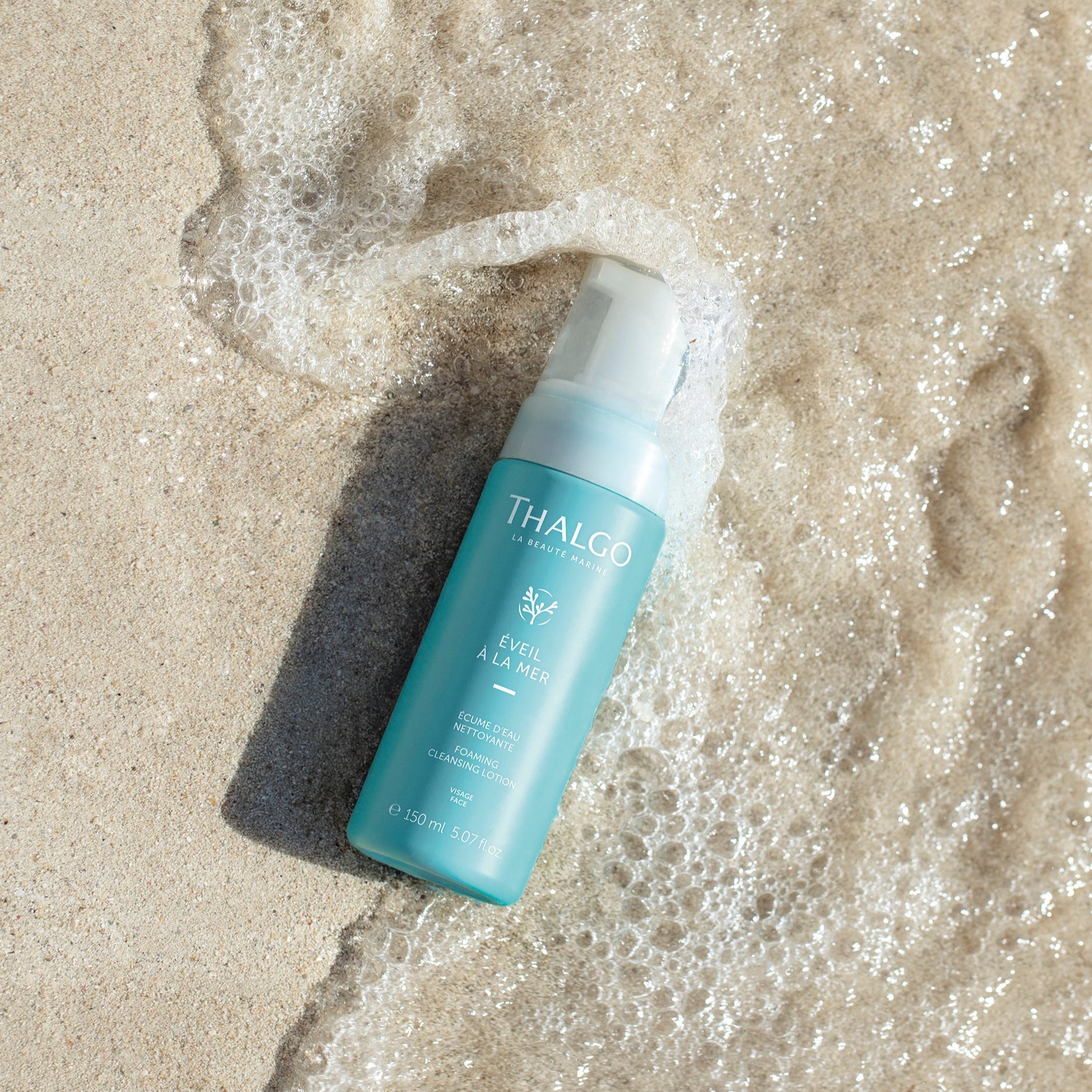 THALGO Éveil à la Mer - Meeres-Reinigungsschaum – 150ml, Schaumspender auf Sand mit Brandung
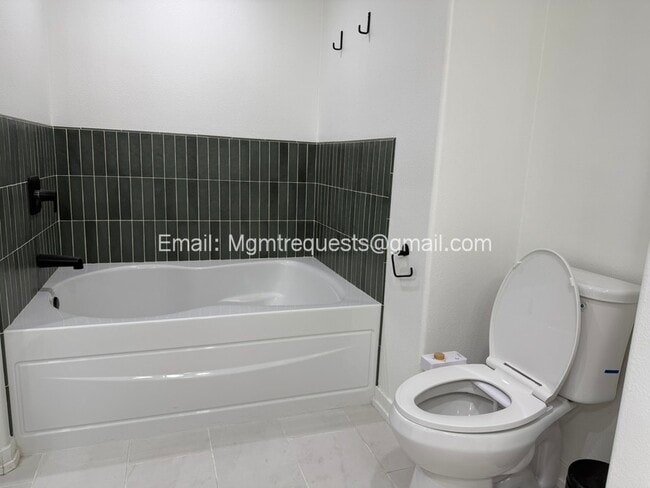Building Photo - 3321 Watermarke Pl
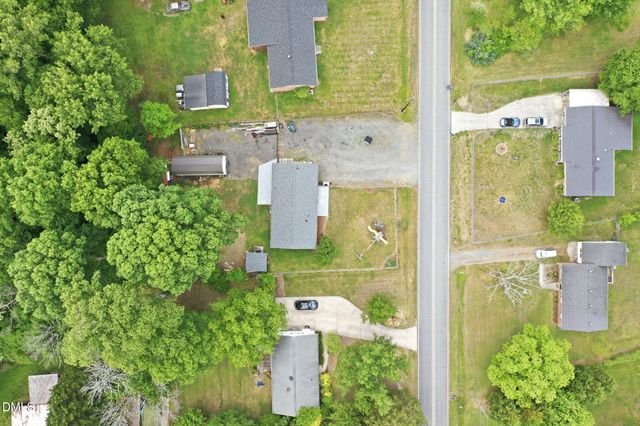 5414 Eastcrest Road, Mcleansville, NC 27301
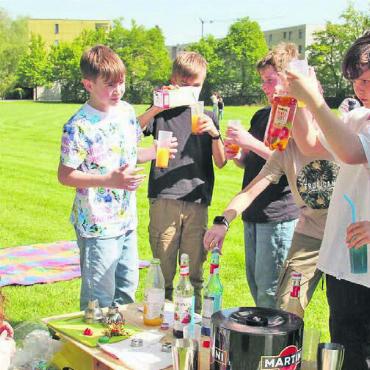 Cocktails und jede Menge Fun - Seinen Cocktail selber mixen ist bei den Jugendlichen beliebt. Bild: mo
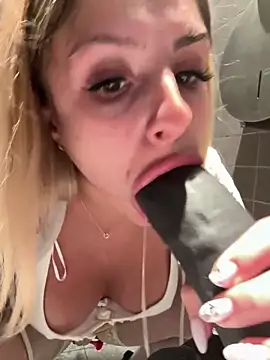 BritneyDimond online show from 12.13.24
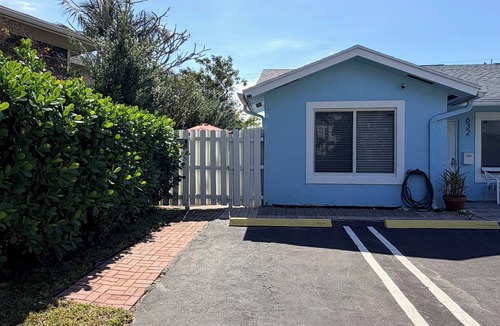 Boynton Beach Apartment | Seashell 1- Luxury Studio close to the beach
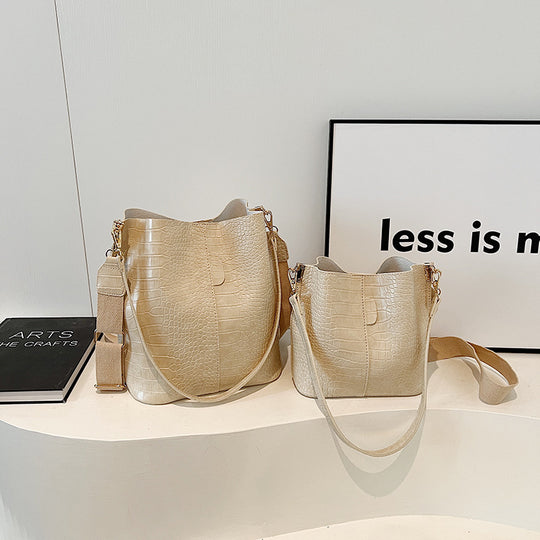 Damen-Handtasche im stilvollen Krokodil-Look mit verstellbarem Schulterriemen | Nord Taschen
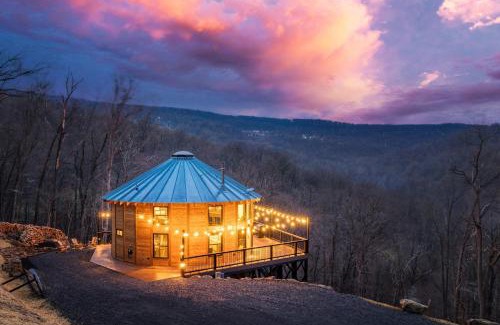 Front Royal Villa | Skyline Yurt: Hot Tub~Wood Stove~WiFi~EVcharger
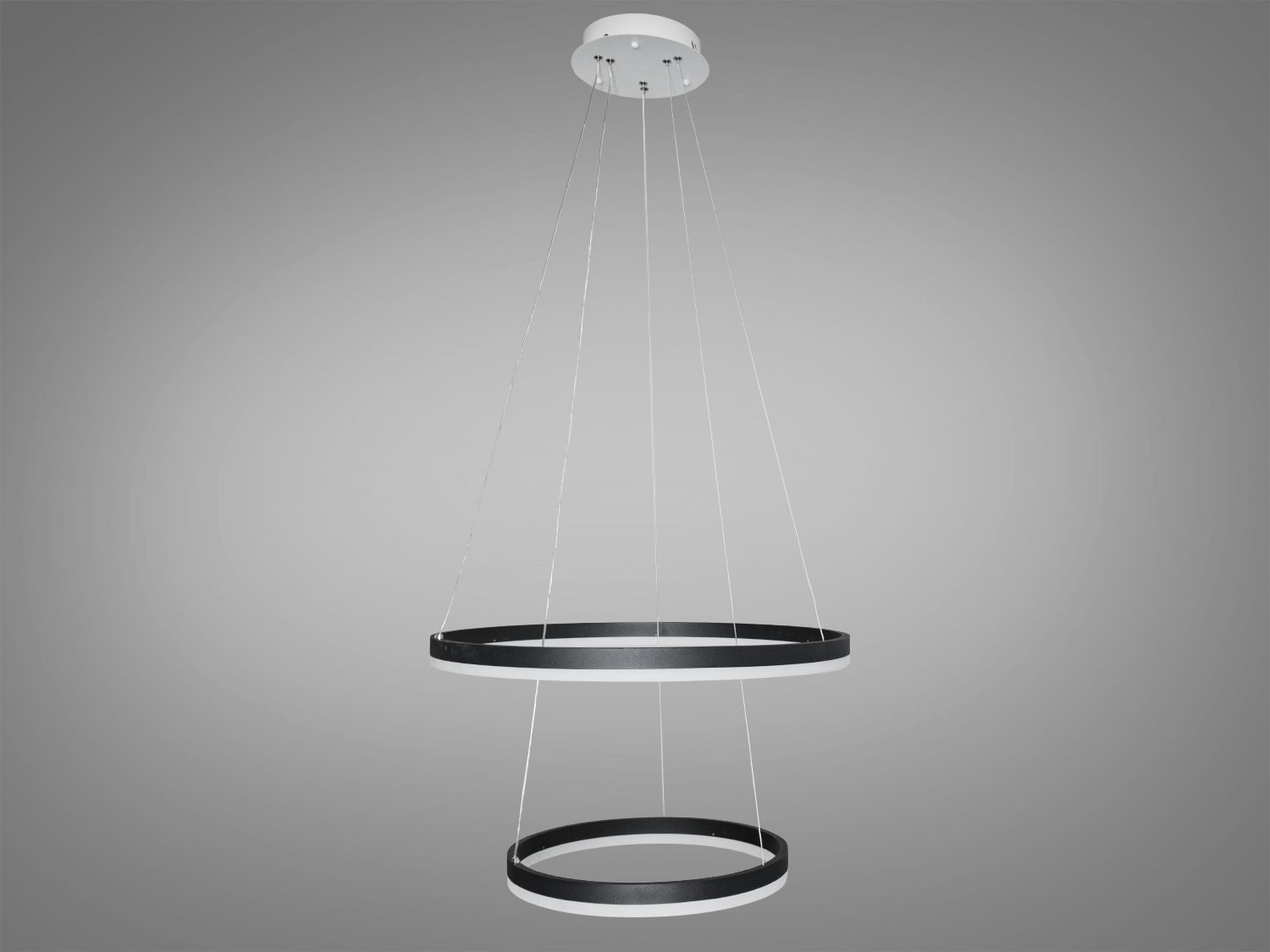 Чорні каблучки на тлі світлого простору виглядають контрастно, підкреслюючи футуристичний стиль люстри.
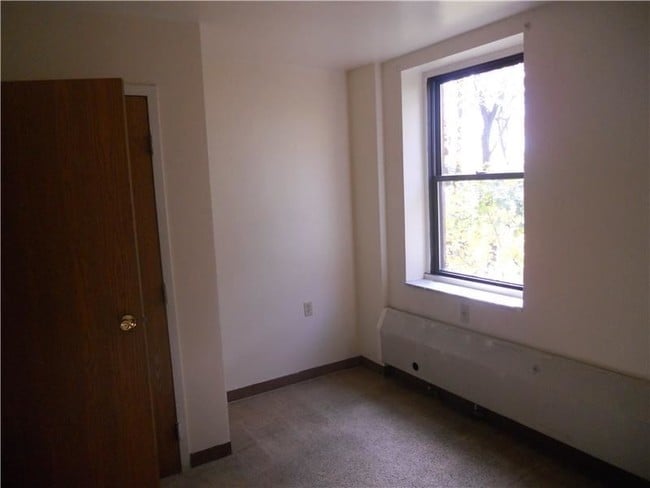 Bedroom Photo - Ridgemont Apartments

###

Assigned task. The lines to copy run from the one with "Front Royal Villa" through the end of the material. Write them out exactly, leaving out the pictures.

Your response.
 Front Royal Villa | Skyline Yurt: Hot Tub~Wood Stove~WiFi~EVcharger
 Чорні каблучки на тлі світлого простору виглядають контрастно, підкреслюючи футуристичний стиль люстри.
 Bedroom Photo - Ridgemont Apartments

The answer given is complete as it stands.